Thanks Hoopie,level was up 2.5'-3' as I could tell,,,temp was 42.5 degs... and the eyes were willing,,,, clarity was 1',,, but the wind was mild,to nil . lots of shorties,+3 cats,&4 white bass,,,some bigger fish,hit & split,,got my hits from 3:30-5:30,in 10'-13' deep,on chrome,got 1 keeper & was released,'cause he had no company to take home with him! BEAUTIFUL sunset!! Wished I got there sooner than I did,,but chores do come first.... ----->>>>>sonar<<<<<-----


----------



## snake69 (Sep 26, 2005)

Sonar,
Certainly you know of this site, but I'll post it again for whomever might want/need it. Berlin is up almost 7' from when they put the docks in a month ago, and only 4' from summer pool. Way up is how I would put it. Take care...
http://wmw.lrp.usace.army.mil/current/forecast.html By the way, they update it every day around 10 am. You can also call this number...330-547-5445 and get basically the same info. And yes, many days, that is Martha from Les's Bait. Hope this info is of use to several on here....I refer to it daily.


----------



## Whaler (Nov 16, 2004)

Dave and I were there Friday. It's up some from the last time we were there about three weeks ago. We caught White Bass , Crappies, Bluegills but only one 14 inch Walleye.


----------



## Crappiekiller17 (Jun 18, 2007)

i was out last week as well only managed a few crappie, was a little windy and water clarity wasnt too great....

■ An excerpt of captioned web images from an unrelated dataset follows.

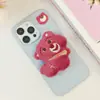 Soporte para Teléfono Móvil Muñeco de Peluche Gato Kt Soporte de Bolsa de Aire para Teléfono Móvil Accesorios de Dibujos Animados para Teléfono Móvil Soporte Telescópico Perezoso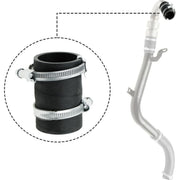 Gates Intercooler Turbo Charge Air Hose 75mm 09-0663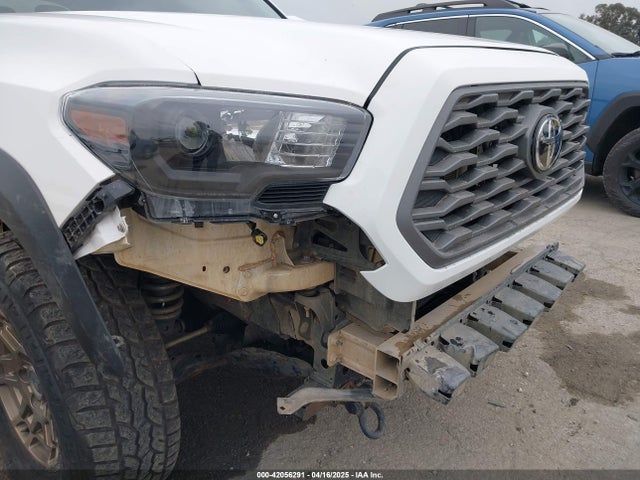 3TMCZ5AN0PM534472 Toyota Tacoma Double Cab/sr/sr5/trail/trd Sport/trd Off Road/trd Pro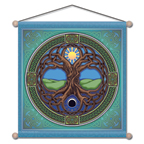 Tree Of Life Meditation Banner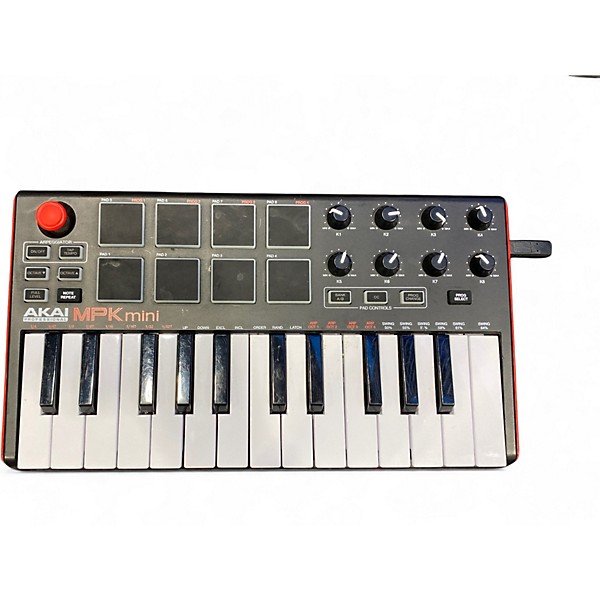 DTM・DAW AKAI MPK mini MID controller Amazon.com: Akai Professional MPK Mini Plus - USB MIDI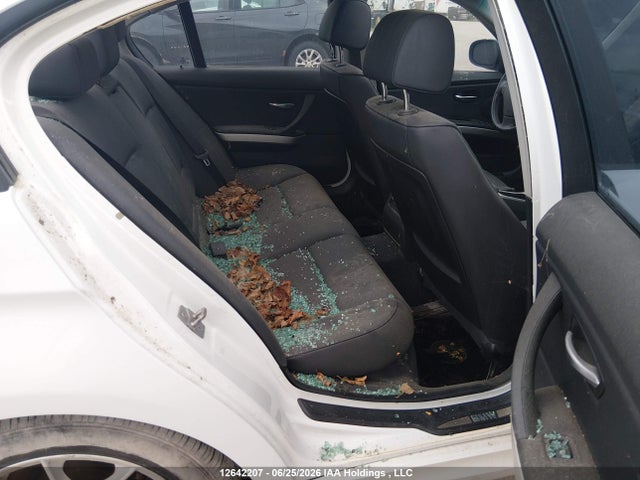 Aukcja sprzedaży 2011 Bmw 323 I, vin: WBAPG7C50BA795491, numer aukcji: 12642207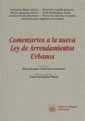 COMENTARIOS A LA NUEVA LEY DE ARRENDAMIENTOS URBANOS | 9788480021937 | MARÍA ROSARIO VALPUESTA FERNÁNDEZ/JESÚS DOMÍNGUEZ PLATAS/FRANCISCO CAPILLA RONCERO/MARIO CLEMENTE ME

Outdoor Hub mobile, the outdoor information engine


----------



## jay2k (Dec 21, 2005)

Hope it settles into winter pool before the freeze. Still would be at it myself, but have trailer issues. Water clarity might be a factor this winter with all this rain.


----------



## canecorsos (Dec 13, 2011)

didn't know about the site so thanks for the link


----------



## snake69 (Sep 26, 2005)

Not a problem and welcome aboard!


----------



## canecorsos (Dec 13, 2011)

thank you very much


----------



## snake69 (Sep 26, 2005)

You need info on a lake or want info on a lake you've never fished or just new to fishing....well, my friend, you are *definitely in the right place*. You need info, we will help you. Of course, you can always give back with knowledge of a place or places you know of. Again....welcome!


----------



## trapperjon (Mar 11, 2008)

just seen that it's at winter pool level, is there any ramps still useable at this level ? hoping to get out tommorrow or maybe later today. any help and/or advice is much appreciated. thx JON


----------



## jay2k (Dec 21, 2005)

The ramp off Bonner Rd. up by the dam should still be doable. The new dock is more than likely in the water just a few feet if that, so bring a buddy to make launching and loadin' easier. Might want to bring some salt or sand if you go today.


----------



## trapperjon (Mar 11, 2008)

thx jay, gonna try tommorrow, this time of year i keep a bucket of salt in the truck cuz i'll hit erie till marina freezes up and the waves arn't kickin'. thx again JON


----------



## G-man (Feb 20, 2005)

New to the area from Va - 

Might see you out there Sun - will be in blue/wht Nitro Z-7

G


----------



## jiggin'fool (Dec 18, 2005)

Anyone been out??? thinking about maybe giving it a shot... wondering if anyone has been getting any eyes... water temp? thanks!


----------



## G-man (Feb 20, 2005)

Was out on Sunday Dec 17 - targeting bass

Water temps 39 - 41
Water stained - vis - maybe 1 foot
Lots of birds working bait balls in the mouths of creeks
Only 'fish' I got were 1.5 in shad and bluegill - snagged them while working shad rap
Put in @ bonner ramp - water levels were reasonable for launch


----------



## atbc06 (May 2, 2010)

I was out twice last week....looking for walleye's

1st time....5 walleye's( 2-15 inch keepers) and lost another small keeper at the boat plus 3 white bass.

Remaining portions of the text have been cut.